EXERCISE:
Below are some records; output exactly the lines from the line with "maneira que um tratamento apropriado" to the line with "prognóstico seja previsto.", both ends kept, and nothing more.

SOURCE DATA:
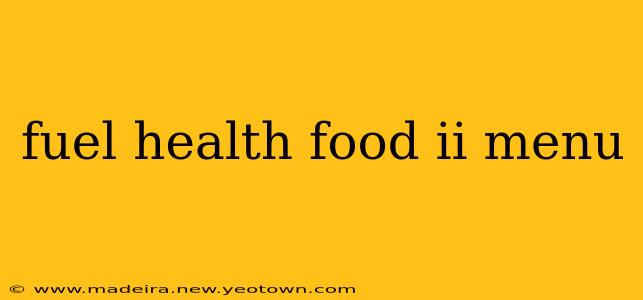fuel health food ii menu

...

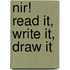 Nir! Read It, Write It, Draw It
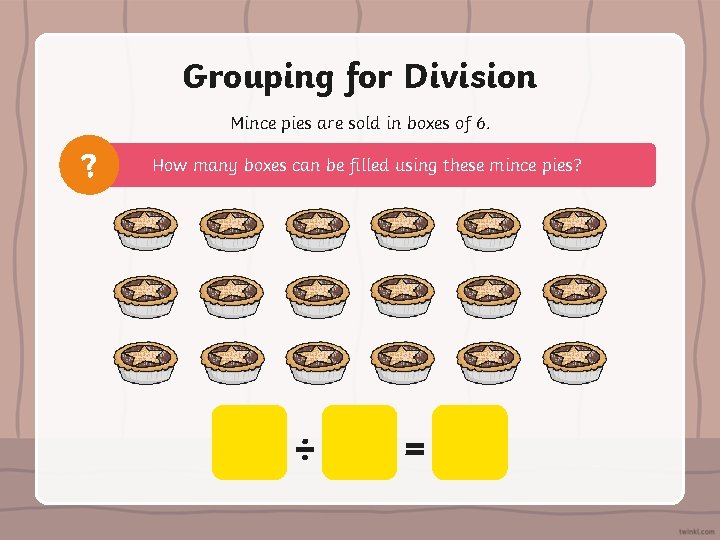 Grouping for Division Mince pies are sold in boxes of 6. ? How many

---

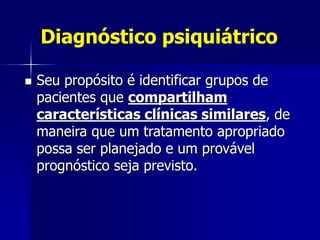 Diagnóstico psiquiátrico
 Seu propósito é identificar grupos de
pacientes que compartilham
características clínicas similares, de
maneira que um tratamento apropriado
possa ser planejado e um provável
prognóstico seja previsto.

YOUR SOLUTION:
maneira que um tratamento apropriado
possa ser planejado e um provável
prognóstico seja previsto.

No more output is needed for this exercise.